Pour avoir le droit d’envoyer des MEC lorsque le consentement tacite ne sera plus en vigueur, il faudra mettre en place des mécanismes afin d’obtenir le consentement explicite ou exprès.

5. Consentement explicite ou exprès

Ce consentement peut être écrit ou verbal, mais, s’il est verbal, il faut être capable d’en faire la preuve, par un enregistrement sonore par exemple.

Il peut s’agir d’une demande de consentement, incluse dans la clause d’un contrat ou dans un message, à laquelle on coche « oui ».  Par contre, cette clause ne peut pas être précochée « oui ». Le consentement devra être sollicité séparément.

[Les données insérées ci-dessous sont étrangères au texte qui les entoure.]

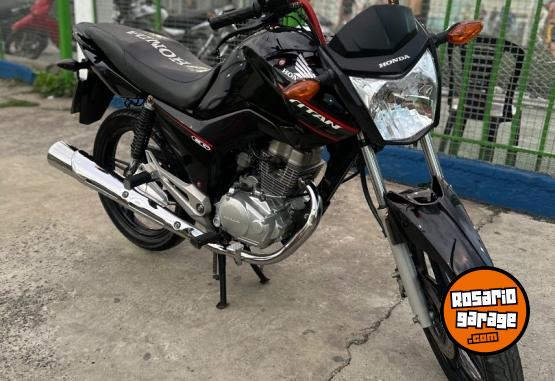 Motos - Honda New titan 2020 Nafta 20000Km - En Venta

Le consentement est valide jusqu’à ce que la personne le retire.

6. Renseignement d’identification dans le message

  • L’expéditeur – ou la personne au nom de qui le message est envoyé – doit être clairement identifié.
  • Les adresses de courriel et postales de l’expéditeur ou de la personne au nom de laquelle on envoie le message doivent être comprises dans le message et valides pendant soixante (60) jours suivant l’envoi du MEC.
  • Le message doit contenir un lien vers le mécanisme d’exclusion.

7. Désinscription

Le MEC doit permettre au destinataire de retirer son consentement de manière simple et rapide. Un lien dans un MEC menant à une page permettant au destinataire de retirer son consentement est acceptable. 

La demande de désinscription doit être traitée dans les dix (10) jours suivants.

8. Quoi faire?

  • Créer une liste complète des différents messages électroniques commerciaux (MEC) pour déterminer ceux pour qui un consentement est requis.
  • Vérifier les listes actuelles d’envoi (adresses existantes au 1er juillet 2014 qui ont déjà reçu des MEC ou autres messages) et prévoir un mécanisme permettant d’obtenir un consentement explicite (abonnement) lorsque le consentement implicite des destinataires ne sera plus en vigueur, le 1er juillet 2017, s’ils veulent continuer de recevoir des MEC de l’entreprise ou de l’organisation.
  • Cesser à compter du 1er juillet 2014 d’envoyer des MEC à des destinataires avec qui on n’a jamais correspondu sans avoir obtenu préalablement leur consentement exprès.

9. Plaintes et pénalités

Aucune plainte privée ne sera traitée d’ici le 1er juillet 2017.

CRTC
Avant d’intenter une action civile, le CRTC pourra émettre une lettre de conformité aux entreprises et aux individus qui font l’objet d’une plainte privée. Les personnes morales ou physiques qui recevront un tel document devront démontrer qu’elles ont pris les mesures nécessaires pour se conformer à la Loi.

Recours privé
Cette loi permettra aux particuliers et aux organisations qui subissent un préjudice en raison d'un acte ou d'une omission en contravention à la Loi d'intenter une action devant les tribunaux contre toute personne ou organisation qui selon eux est présumée avoir violé la Loi. Le droit privé d'action permettra à tout requérant de réclamer des dommages-intérêts légaux et compensatoires. Une action en dommages-intérêts ne peut être intentée si la personne ou l'organisation contre laquelle la contravention est présumée a pris un engagement ou a reçu un avis de violation du CRTC (lettre de conformité).

Cependant, avant d'intenter une poursuite contre une personne ou une organisation, il sera nécessaire d’obtenir des conseils juridiques. Toute personne ou organisation qui intentera une poursuite abusive ou n'ayant aucun mérite pourrait devoir payer des frais juridiques considérables pour le contrevenant présumé.

Il n’est pas nécessaire de cesser d’envoyer vos messages électroniques commerciaux actuels. Tentez plutôt d’obtenir des consentements explicites d’ici le 1er juillet 2017.